═══ Recorded information

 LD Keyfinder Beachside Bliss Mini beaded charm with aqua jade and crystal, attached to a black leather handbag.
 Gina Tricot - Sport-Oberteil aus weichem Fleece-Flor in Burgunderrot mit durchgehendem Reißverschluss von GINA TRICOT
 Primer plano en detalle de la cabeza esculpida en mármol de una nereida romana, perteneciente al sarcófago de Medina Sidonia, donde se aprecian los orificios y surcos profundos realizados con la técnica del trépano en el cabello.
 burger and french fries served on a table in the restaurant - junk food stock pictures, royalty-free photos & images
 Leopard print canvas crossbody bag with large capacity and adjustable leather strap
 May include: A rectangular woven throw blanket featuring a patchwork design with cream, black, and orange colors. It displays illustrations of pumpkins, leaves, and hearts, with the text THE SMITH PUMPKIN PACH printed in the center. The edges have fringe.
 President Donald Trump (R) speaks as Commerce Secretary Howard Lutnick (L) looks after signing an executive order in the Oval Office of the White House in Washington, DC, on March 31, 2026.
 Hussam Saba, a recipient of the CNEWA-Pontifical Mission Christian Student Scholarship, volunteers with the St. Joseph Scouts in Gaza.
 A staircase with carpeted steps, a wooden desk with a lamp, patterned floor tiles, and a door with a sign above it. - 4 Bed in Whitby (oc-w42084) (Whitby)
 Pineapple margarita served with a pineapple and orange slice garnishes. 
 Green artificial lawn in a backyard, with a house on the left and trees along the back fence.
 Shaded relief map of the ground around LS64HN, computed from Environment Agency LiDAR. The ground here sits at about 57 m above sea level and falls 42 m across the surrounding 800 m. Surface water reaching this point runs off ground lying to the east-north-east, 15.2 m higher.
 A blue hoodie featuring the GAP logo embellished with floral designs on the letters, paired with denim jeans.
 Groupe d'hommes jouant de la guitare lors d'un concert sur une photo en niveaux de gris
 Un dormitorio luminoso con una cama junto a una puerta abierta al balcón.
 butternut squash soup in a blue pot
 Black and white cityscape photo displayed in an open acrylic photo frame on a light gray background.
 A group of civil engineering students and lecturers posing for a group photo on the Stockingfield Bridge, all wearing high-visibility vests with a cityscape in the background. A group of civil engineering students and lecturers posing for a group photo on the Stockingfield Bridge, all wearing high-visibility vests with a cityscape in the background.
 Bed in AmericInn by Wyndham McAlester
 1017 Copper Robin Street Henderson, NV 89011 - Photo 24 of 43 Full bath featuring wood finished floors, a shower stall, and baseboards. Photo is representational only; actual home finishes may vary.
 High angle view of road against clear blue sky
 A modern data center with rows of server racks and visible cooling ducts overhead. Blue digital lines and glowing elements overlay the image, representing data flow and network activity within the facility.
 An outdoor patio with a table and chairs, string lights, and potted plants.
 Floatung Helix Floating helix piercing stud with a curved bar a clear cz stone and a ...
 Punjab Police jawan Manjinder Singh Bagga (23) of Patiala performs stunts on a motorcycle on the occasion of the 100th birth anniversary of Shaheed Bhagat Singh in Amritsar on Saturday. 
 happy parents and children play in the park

══════

**What is needed**
Please reproduce exactly the lines from the first one of the records above through the line containing "Hussam Saba, a", both included, and nothing else.

**Result of this task**
 LD Keyfinder Beachside Bliss Mini beaded charm with aqua jade and crystal, attached to a black leather handbag.
 Gina Tricot - Sport-Oberteil aus weichem Fleece-Flor in Burgunderrot mit durchgehendem Reißverschluss von GINA TRICOT
 Primer plano en detalle de la cabeza esculpida en mármol de una nereida romana, perteneciente al sarcófago de Medina Sidonia, donde se aprecian los orificios y surcos profundos realizados con la técnica del trépano en el cabello.
 burger and french fries served on a table in the restaurant - junk food stock pictures, royalty-free photos & images
 Leopard print canvas crossbody bag with large capacity and adjustable leather strap
 May include: A rectangular woven throw blanket featuring a patchwork design with cream, black, and orange colors. It displays illustrations of pumpkins, leaves, and hearts, with the text THE SMITH PUMPKIN PACH printed in the center. The edges have fringe.
 President Donald Trump (R) speaks as Commerce Secretary Howard Lutnick (L) looks after signing an executive order in the Oval Office of the White House in Washington, DC, on March 31, 2026.
 Hussam Saba, a recipient of the CNEWA-Pontifical Mission Christian Student Scholarship, volunteers with the St. Joseph Scouts in Gaza.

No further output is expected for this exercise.